The foregoing objects, advantages, construction and operation of the present invention will become more readily apparent from the following description and accompanying drawings, in which:

FIGURE 1 is an isometric view of a portion of an automatic loading back stand constructed in accordance with the present invention;

FIGURE 2 is a plan view of the mechanism shown in FIGURE 1;

FIGURE 3 is an end view of a portion of the mechanism shown in FIGURE 1, taken on line 33 of FIG- URE 2; and

FIGURE 4 is a view taken on line 4-4 of FIGURE 1, illustrating certain details of a car construction and mounting.

Referring now to the several figures, like numerals of which refer to like parts throughout, it will be seen that an automatic loading back stand constructed in accordance with the present invention may comprise a plurality of vertically disposed stanchions 10, 11, 12, and 13 spaced from one another in a substantially rectangular array. It should be noted that the several stanchions 10 through 13, inclusive, may comprise preexisting stanchions, or portions of such pre-existing stanchions, already provided as part of a back stand in a pre-existing converter machine. It should further be noted that the several vertical stanchions 10 through 13, inclusive, are intended to act as supports for a single lifting mechanism of the type shown in FIGURE 1; and in a complete assembly, the several stanchions 10 through 13 inclusive would be repeated a plurality of times for a plurality of lifting mechanisms such as will be described. In a complete array, a plurality, e.g., twelve, lifting assemblies of the types shown in FIGURE 1 are provided; but for simplicity of description, only one such lifting mechanism will be described hereinafter.

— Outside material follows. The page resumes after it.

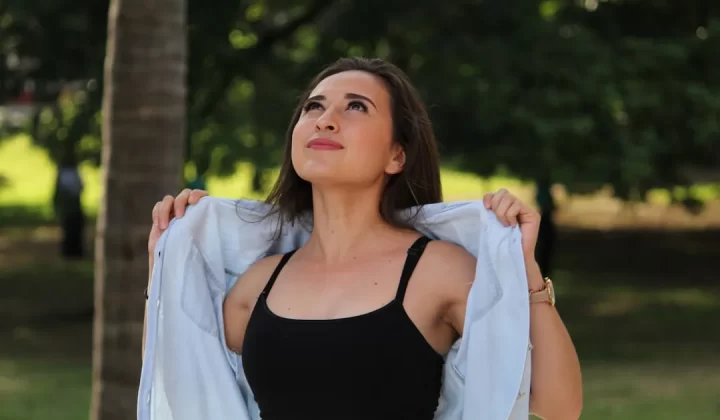 Young woman adjusting shirt while looking up in nature.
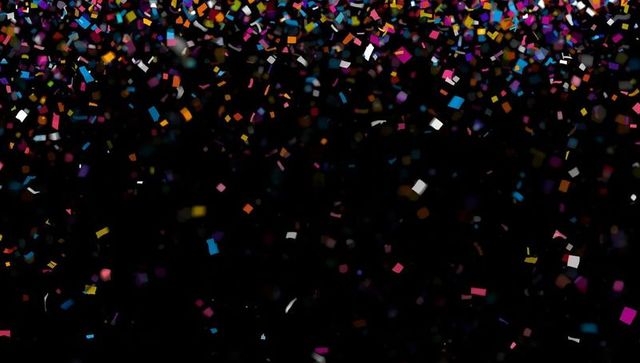 Colorful Confetti Falling on Dark Background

A pair of elongated longitudinal I-beams 14 and 15 are mounted at the upper extremities of stanchions 10, 11, and 12, 13, respectively; with said longitudinal I-beams 14 and 15 acting as the main support for the overall lifting assembly. When a pre-existing back stand is to be modified to incorporate the present invention, I-beams such as 14 and 15 may be added to the aforementioned pre-existing stanchions. The I-beams 14 and 15 may be sixty feet or more in length for a machine adapted to support and manipulate twelve paper rolls. A typical such roll is illustrated at 16, and may comprise various sizes and weights of paper with each such roll weighing anywhere between 300 pounds and 5 tons.

A cross-beam assembly is positioned upon the longi-' tudinal beams 14 and 15 at each lifting station. A typical such cross-beam assembly may comprise a pair of elongated cross-beams 17 and 18 located in spaced parallel relation to one another, and having their opposing ends interconnected by means of plates 19 and 20, rescpectively. Plate 19 overlies the upper surface of longitudinal beam 14, and is provided with a pivot 21 extending into engagement with said beam 14. Plate 20 overlies the upper surface of longitudinal beam 15; and said beam 15 includes an upstanding pin 22 which passes through a radius slot 23 formed in plate 20. Plate 20 further supports an upstanding rack 24 engaged by a pinion 25. Pinion gear 25 is supported on a bracket attached to beam 15, and said gear 25 is coupled via a shaft 26 to a hand wheel 27 mounted upon a cross member 28 extending between stanchions 12 and 13 at a level of approximately three feet above ground level 29.

The overall arrangement is such, therefore, that rotation of hand wheel 27 imparts an angular movement to the crossbeam assembly 17, 18, 19, 20 about the pivot 21 within a range of movement limited by the dimensions of radius slot 23 at rack 24. In a typical installation, the total lateral movement may be four inches, i.e., two inches in each direction relative to pin 22. This provision for angular movement of the cross-beam assembly simultaneously effects movemen tof the truck assemblies to be described, as well as of the car assemblies, shaft members, and expanding heads also to be described, whereby a roll 16 may be grasped by the lifting mechanism even though it may be somewhat angularly skewed after it has been rolled into the apparatus, and whereby angular variations in the position of the roll 16 can be effected to properly position a web of paper on said roll relative to a converter machine with which the roll is to be associated.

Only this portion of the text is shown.